**SOURCE MATERIAL:**
·····

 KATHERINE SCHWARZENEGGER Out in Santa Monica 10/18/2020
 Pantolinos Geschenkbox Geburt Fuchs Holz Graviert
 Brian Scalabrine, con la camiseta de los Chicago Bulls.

·····

**REQUIRED ACTION:** Reproduce all of the listing, exactly as given.

**OUTPUT OF THE TASK:**
 KATHERINE SCHWARZENEGGER Out in Santa Monica 10/18/2020
 Pantolinos Geschenkbox Geburt Fuchs Holz Graviert
 Brian Scalabrine, con la camiseta de los Chicago Bulls.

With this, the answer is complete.